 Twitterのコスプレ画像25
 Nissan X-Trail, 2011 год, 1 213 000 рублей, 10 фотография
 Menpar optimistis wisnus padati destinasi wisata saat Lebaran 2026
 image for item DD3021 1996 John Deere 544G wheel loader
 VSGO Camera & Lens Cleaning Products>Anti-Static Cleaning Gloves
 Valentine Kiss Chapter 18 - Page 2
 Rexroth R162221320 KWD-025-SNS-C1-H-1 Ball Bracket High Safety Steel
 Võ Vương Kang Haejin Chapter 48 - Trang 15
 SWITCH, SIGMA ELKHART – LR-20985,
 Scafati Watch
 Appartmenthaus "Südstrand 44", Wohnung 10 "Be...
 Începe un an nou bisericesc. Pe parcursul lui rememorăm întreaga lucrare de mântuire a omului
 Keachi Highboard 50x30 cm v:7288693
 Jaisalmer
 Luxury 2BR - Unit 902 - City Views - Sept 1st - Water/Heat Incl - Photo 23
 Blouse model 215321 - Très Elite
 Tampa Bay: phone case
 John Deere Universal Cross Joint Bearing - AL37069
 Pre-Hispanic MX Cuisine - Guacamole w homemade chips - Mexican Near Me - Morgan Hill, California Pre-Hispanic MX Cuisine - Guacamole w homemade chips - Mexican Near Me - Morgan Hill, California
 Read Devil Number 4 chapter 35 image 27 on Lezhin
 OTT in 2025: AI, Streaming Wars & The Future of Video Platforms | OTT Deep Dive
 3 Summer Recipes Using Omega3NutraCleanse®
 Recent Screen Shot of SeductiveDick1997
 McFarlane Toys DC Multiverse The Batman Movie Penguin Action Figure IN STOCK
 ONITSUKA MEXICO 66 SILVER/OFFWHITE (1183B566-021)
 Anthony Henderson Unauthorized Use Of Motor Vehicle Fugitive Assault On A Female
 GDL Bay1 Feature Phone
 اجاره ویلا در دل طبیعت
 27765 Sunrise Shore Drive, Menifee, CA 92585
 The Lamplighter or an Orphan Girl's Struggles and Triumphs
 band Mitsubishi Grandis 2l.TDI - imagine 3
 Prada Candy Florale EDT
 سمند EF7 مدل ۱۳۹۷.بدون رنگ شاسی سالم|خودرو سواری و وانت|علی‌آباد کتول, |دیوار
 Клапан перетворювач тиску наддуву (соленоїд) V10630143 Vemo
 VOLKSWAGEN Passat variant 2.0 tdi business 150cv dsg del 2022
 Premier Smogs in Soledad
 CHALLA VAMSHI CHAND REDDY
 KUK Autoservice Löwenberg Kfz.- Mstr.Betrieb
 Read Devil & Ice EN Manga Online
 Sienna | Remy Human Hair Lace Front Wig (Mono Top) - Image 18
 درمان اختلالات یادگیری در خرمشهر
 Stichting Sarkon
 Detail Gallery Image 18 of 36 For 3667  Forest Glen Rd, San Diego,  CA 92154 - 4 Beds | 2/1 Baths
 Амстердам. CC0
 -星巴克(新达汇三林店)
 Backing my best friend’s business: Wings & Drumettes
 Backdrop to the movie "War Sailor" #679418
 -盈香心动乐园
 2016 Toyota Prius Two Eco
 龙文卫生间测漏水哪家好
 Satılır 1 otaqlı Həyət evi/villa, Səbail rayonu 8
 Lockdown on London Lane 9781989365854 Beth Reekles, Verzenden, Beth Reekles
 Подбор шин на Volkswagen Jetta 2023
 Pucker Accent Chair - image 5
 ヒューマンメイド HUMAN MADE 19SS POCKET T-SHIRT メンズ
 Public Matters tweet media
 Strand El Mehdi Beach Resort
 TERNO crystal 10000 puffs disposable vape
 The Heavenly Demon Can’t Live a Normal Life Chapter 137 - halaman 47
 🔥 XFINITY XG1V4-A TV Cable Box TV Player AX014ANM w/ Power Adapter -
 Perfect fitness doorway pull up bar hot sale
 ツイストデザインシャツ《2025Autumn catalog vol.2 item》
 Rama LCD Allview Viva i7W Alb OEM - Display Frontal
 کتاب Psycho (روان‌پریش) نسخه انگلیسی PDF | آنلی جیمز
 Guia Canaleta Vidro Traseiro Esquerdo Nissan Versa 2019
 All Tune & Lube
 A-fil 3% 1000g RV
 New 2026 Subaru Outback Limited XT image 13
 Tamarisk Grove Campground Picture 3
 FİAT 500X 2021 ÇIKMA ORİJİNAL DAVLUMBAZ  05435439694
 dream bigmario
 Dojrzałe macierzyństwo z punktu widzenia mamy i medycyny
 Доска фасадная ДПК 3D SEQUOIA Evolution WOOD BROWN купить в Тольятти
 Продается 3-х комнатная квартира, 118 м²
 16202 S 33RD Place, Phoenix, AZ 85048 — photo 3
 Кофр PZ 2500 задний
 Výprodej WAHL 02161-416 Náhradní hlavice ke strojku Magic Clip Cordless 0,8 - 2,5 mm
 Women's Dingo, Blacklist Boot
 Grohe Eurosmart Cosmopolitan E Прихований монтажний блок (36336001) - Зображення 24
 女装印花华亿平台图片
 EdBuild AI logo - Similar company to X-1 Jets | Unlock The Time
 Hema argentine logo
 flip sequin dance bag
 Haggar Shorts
----------------------------------------
▶ [Problem details] Only one stretch of the records above is wanted: the lines between the one holding "Tampa Bay: phone case" and the one holding "Anthony Henderson Unauthorized", inclusive, reproduced exactly.

▶ [Task solution]
 Tampa Bay: phone case
 John Deere Universal Cross Joint Bearing - AL37069
 Pre-Hispanic MX Cuisine - Guacamole w homemade chips - Mexican Near Me - Morgan Hill, California Pre-Hispanic MX Cuisine - Guacamole w homemade chips - Mexican Near Me - Morgan Hill, California
 Read Devil Number 4 chapter 35 image 27 on Lezhin
 OTT in 2025: AI, Streaming Wars & The Future of Video Platforms | OTT Deep Dive
 3 Summer Recipes Using Omega3NutraCleanse®
 Recent Screen Shot of SeductiveDick1997
 McFarlane Toys DC Multiverse The Batman Movie Penguin Action Figure IN STOCK
 ONITSUKA MEXICO 66 SILVER/OFFWHITE (1183B566-021)
 Anthony Henderson Unauthorized Use Of Motor Vehicle Fugitive Assault On A Female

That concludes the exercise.